After experiencing a great run for the past six months, Shanda Games (NASDAQ:GAME) was hit hard after it reported its recent results. Although the company beat the consensus estimate, its key operational metrics declined along with a weak performance of its massively-multiplayer online (MMO) games. Moreover, its online gaming segment wasn’t doing as well as its mobile division, and it looks like competition from bigger rivals such as NetEase and Giant Interactive further affected its performance.
A Weak Performance
According to analysts at Morgan Stanley, revenue from Shanda’s top PC games Mir II, Dragon Nest, and Woool declined in the range of 12%-25% on a year-over-year basis. These three games accounted for around 53% of Shanda’s revenue in the previous quarter. This is a major cause of concern for the company. In addition, it had to close the operation of RIFT, which is a MMO game, as it didn’t perform up to management’s expectations.
Shanda is currently sailing through troubled waters as far as online gaming is concerned. And looking forward, there seems to be no relief for the company. The company has high hopes for its latest launch, Final Fantasy XIV, and claims that it has received “very favorable user feedback.” According to statistics, it has been downloaded more than 1.5 million times in just over three months since being re-launched in Japan and continues to gain more users.
Shanda will perform some more tests in the second quarter before releasing the complete version of Final Fantasy XIV. If the company manages to draw gamers' attention in this MMO franchise, then it could see some positive performance in the upcoming quarters. In addition, the company has another game named Dungeon Striker under its sleeve for launch in Japan and China next year while another title, Age of Dawn, is about to enter closed beta testing.

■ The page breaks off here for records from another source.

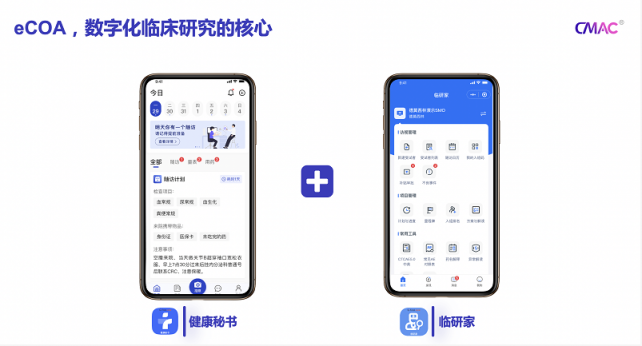經(jīng)費(fèi)更少樣本更大，數(shù)字化時(shí)代的上市后臨床研究何去何從？
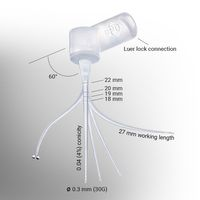 Cânulas Para Irrigação de Canal Irriflex - 5 unidades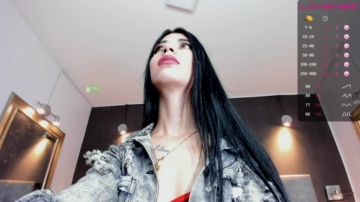 Lil_Melody 07-10-2021 Naked 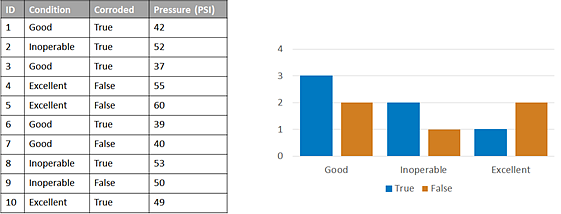 Option Split-by (Fractionner en) Option Split-by (Fractionner en)
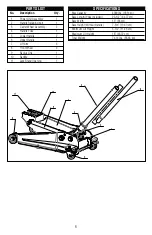 Предварительный просмотр 6 страницы Powerbuilt 4000 LBS Operating And Maintenance Instruction Manual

Management plans to expand its MMO game portfolio in the next two to three years by adding more games. But as of now, Shanda doesn't have any game that could provide it with the necessary boost. On the contrary, other gaming companies seem to perform very well in the MMO segment. Both NetEase and Giant Interactive are playing with a good strategy in this market and their games seem to be doing quite well.
Competitors Doing Well
NetEase is reducing its dependence on Activision’s World of Warcraft, as the company has found success with its self-developed games such as Heroes of Three Kingdoms and Dragon Sword. Moreover, it has launched some new content for its longest-running games, Fantasy Westward Journey II and Westward Journey Online II. By 2015, it plans to launch Crisis, a first person shooter game and Revelations, which is a 3D epic fantasy game.
With these new launches in place, NetEase is well positioned. Moreover, its marketing ability is more than that of Shanda, as it has a cash balance which is five times more than that of Shanda. In this way, it could put pressure on its smaller rival by aggressive promotions and launching high quality games.
For Shanda, the mobile gaming business has performed well. In fact, it was the only unit which has performed for Shanda. This segment has increased 50% quarter over quarter, which was mainly driven by the success of Arthur in China. Mobile gaming accounts for around 14% of its overall revenue and the company is working hard to increase this further. Shanda plans to launch a new game in China named Guardian Cross, which was developed by Square Enix. Along with that, it would launch two of its self developed games namely Dragon Nest and the Hell Lord.
Although Shanda has been doing good business in the mobile segment, but it accounts for only a small portion of the total revenue. The company could expect a bounce back only if its MMO segment starts delivering. Considering all the above factors, it seems best for investors to wait on the sidelines for the moment, as we could see more down side.